Lustre tuning
Getting the best performance out of Lustre can be a bit of a challenge. Here are some things to check if you tried out ROMIO on a Lustre file system and did not see the performance you were expecting.
The zeroth step in tuning Lustre is “consult your site-specific documentation”. Your admins will have information about how many Lustre servers are deployed, how much performance you should expect, and any site-specific utilities they have provided to make your life easier. Here are some of the more popular sites:
First, are you using the Lustre file system driver? Nowadays, you would have to go out of your way not to. One can read the romio_filesystem_type hint to confirm.
Next, what is the stripe count?
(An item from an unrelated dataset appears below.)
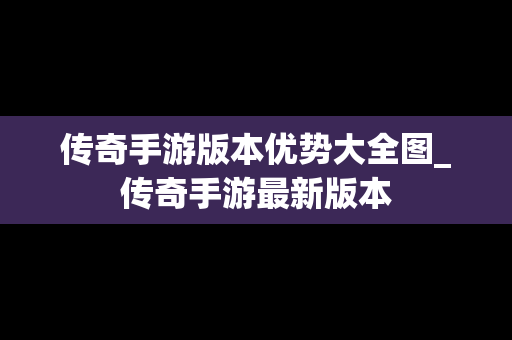 传奇手游版本优势大全图_传奇手游最新版本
Lustre typically defaults to a stripe count of 1, which means all reads and writes will go to just one server (OST in Lustre parlance). Most systems have tens of OSTs, so the default stripe size is really going to kill performance!
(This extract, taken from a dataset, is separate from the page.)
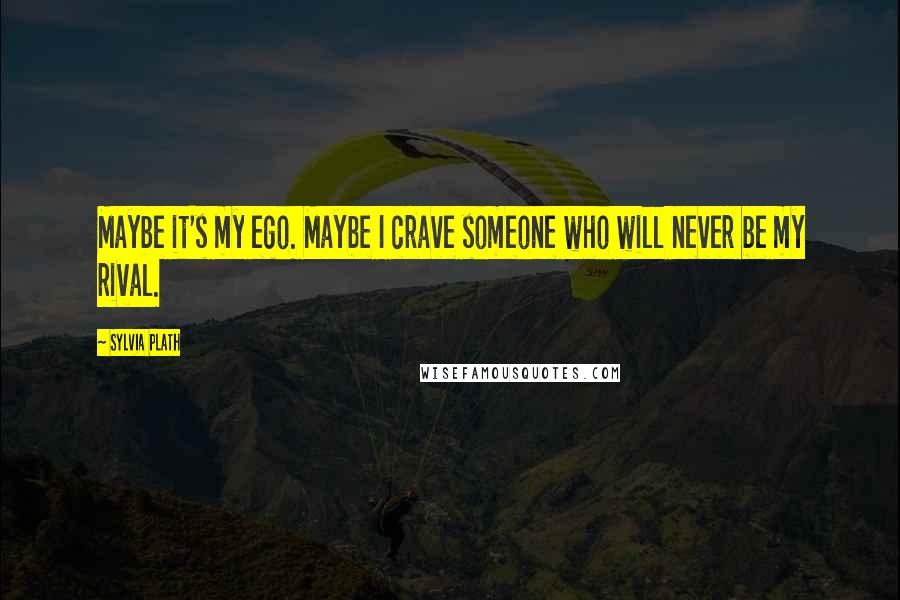 Sylvia Plath Quotes: Maybe it's my ego. Maybe I crave someone who will never be my rival.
The ‘lfs’ utility can be used to get and set lustre file information.
$ lfs getstripe /path/to/directory lmm_stripe_count: 1 lmm_stripe_size: 1048576 lmm_pattern: 1 lmm_layout_gen: 0 lmm_stripe_offset: 2 obdidx objid objid group 2 14114525 0xd75edd 0x280000400
This directory has a stripe_count of 1. That means any files created in this directory will also have a stripe count of one. This directory would be good for hosting small config files, but large HPC input decks or checkpoint files will not see good performance.
When reading a file, there’s no way to adjust the stripe count. When the file is created, the striping is locked in place. You would have to create a directory with a large stripe count and copy the files into this new directory.
$ lfs setstripe -c 60 /my/new/directory
Now any new file created in “my/new/directory” will have stripe count of 60
If you care creating a new file, you can set the stripe size in ROMIO with the “striping_factor” hint:
MPI_Info_create(&info); MPI_Info_set(info, "striping_factor", "32"); MPI_File_open(MPI_COMM_WORLD, "foo.chkpt", MPI_MODE_CREATE, info, &fh);